“Non sono intelligenti”: il tecnico li distrugge nonostante la squalifica I Hanno già fatto dietrofront

La grande rivincita di un tecnico di grido che costringe al dietrofront dopo una squalifica che, a conti fatti, era senza senso.
Un po’ per moda, un po’ per falso mito, nel calcio moderno la figura dell’allenatore è troppo spesso andata ben oltre le sue funzioni, addirittura portata al centro di un risultato, un successo, perfino un trofeo, quando in realtà sono i giocatori che vanno in campo: segnano e sbagliano, al massimo mettono in pratica (non sempre) la visione di un allenatore, ma sono e restano loro i protagonisti.
Certo è che un tecnico vive sul crinale: un osannato e imbattibile, il giorno dopo messo in discussione, è tutto un equilibrio sopra la follia, direbbe Vasco Rossi: la sua carriera, infatti, dipende da fattori fuori dal suo controllo: tra infortuni, tensioni interne allo spogliatoio, arbitraggi che ne segnano la carriera.
Ogni allenatore reagisce a modo suo davanti a questi fattori indipendenti dalla sua volontà ma che ne determinano la carriera. Carlo Ancelotti, per esempio, è diventato uno degli allenatori più vincenti della storia, grazie al suo stile pacato e il rapporto empatico con i giocatori. Un gestore più unico che raro.
Pep Guardiola, invece, ha fatto leva sempre sull’innovazione da contrapporre al peso delle aspettative nato dopo il leggendario ciclo con il Barcellona. Le critiche al Bayern Monaco e al primo Manchester City non lo hanno mai scalfito: il catalano ha messo il gioco al di sopra di tutto.
Da Ranieri a Mourinho
Claudio Ranieri è diventato leggenda con il trionfo in Premier col Leicester campione d’Inghilterra nel 2016, anche se tutti non ricordano che dopo pochi mesi fu esonerato. È l’allenatore della resilienza delle cose semplici ma efficaci.
Per tutto il resto c’è José Mourinho, lo Special One. Un tecnico vincente, maestro della comunicazione, capace di catalizzare l’attenzione su di sé per proteggere la squadra. Ma anche lui ha sperimentato l’ingratitudine del calcio moderno, superandolo attaccando apertamente i suoi nemici.
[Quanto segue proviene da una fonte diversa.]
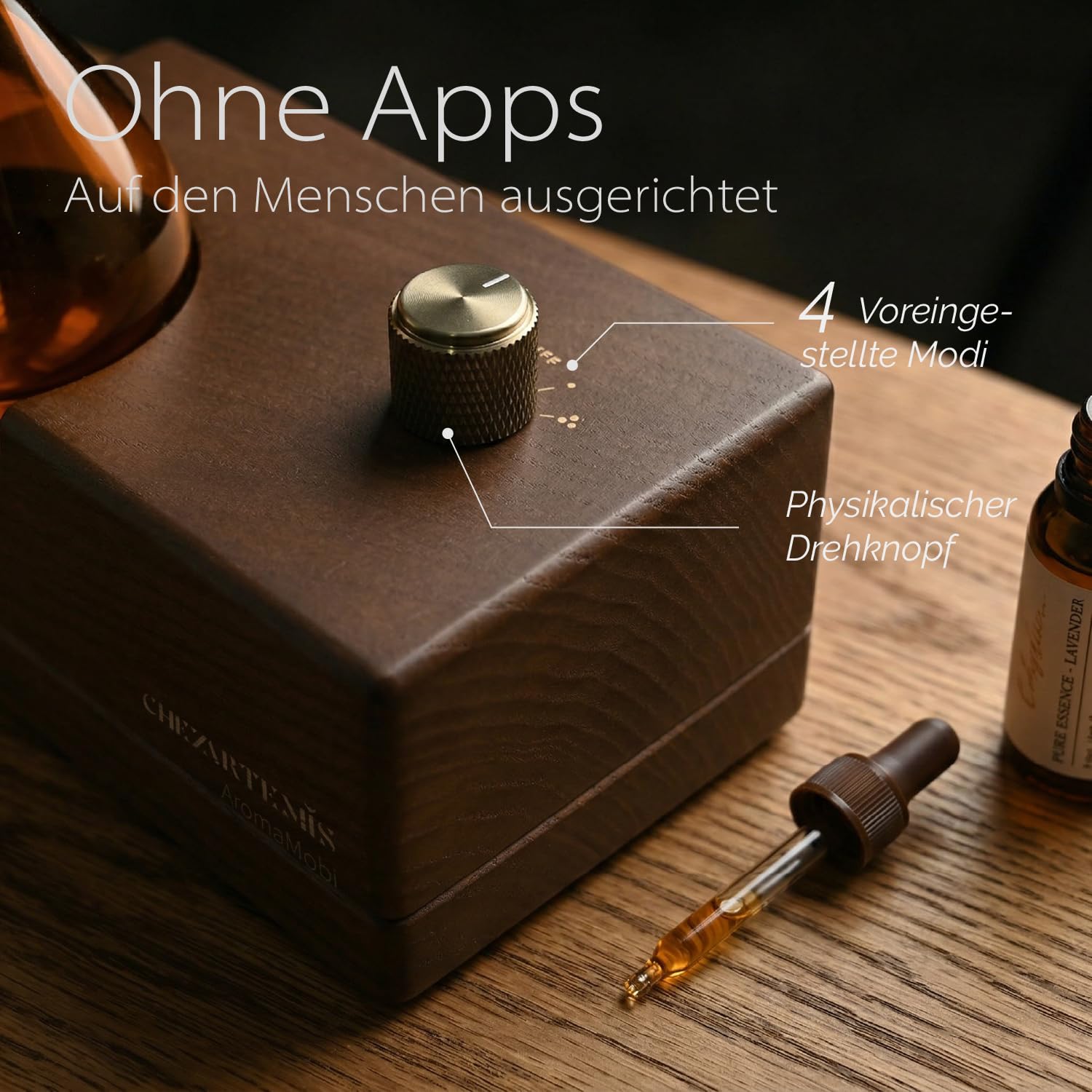 Amber Glas-Diffusor mit Naturholz-Sockel für Aromatherapie, Tragbarer Wasserloser Aroma Diffusor für Zuhause & Reise, Kabelloser Wiederaufladbarer Duftvernebler mit Timer & 4 Modi, Geschenkfertig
Tanti.

Una squalifica dimezzata
Si è fatto sempre riconoscere, in tutte le sue esperienze, lasciando sempre il segno. Anche in Turchia dove sta allenando con alterne fortune il Fenerbahce. Nell’ultimo derby contro il Galatasaray è stato squalificato inizialmente con quattro giornate: due per presunte per frasi razziste nei confronti della panchina avversaria, “che saltava come scimmie”, altrettante per insulti al quarto uomo. “Non sono stati intelligenti nel modo in cui mi hanno attaccato, perché non conoscevano il mio passato”. Accusare Mourinho di razzismo non è stata una grande idea.
“Non conoscono i miei legami con l’Africa, con la gente africana, con i giocatori e con le associazioni benefiche africane. Tutti sanno chi sono come persona. Tutti conoscono i miei difetti, ma questo non lo è”. Aveva ragione lui: il dietrofront è stato immediato. “Dopo dieci ore la mia squalifica è passata da quattro a due giornate – ha continuato Mou, sempre in uno stralcio di un’intervista su Sky – solo così si può comprendere la portata della cosa”. Figuriamoci se si poteva accontentare di una squalifica dimezzata. “Nel giorno della mia squalifica è diventato di dominio pubblico il fatto che il capo della Commissione Disciplinare stesse festeggiando tra amici con una maglia del Galatasaray addosso”. Mou si districa alla grande su quell’equilibrio sopra la follia.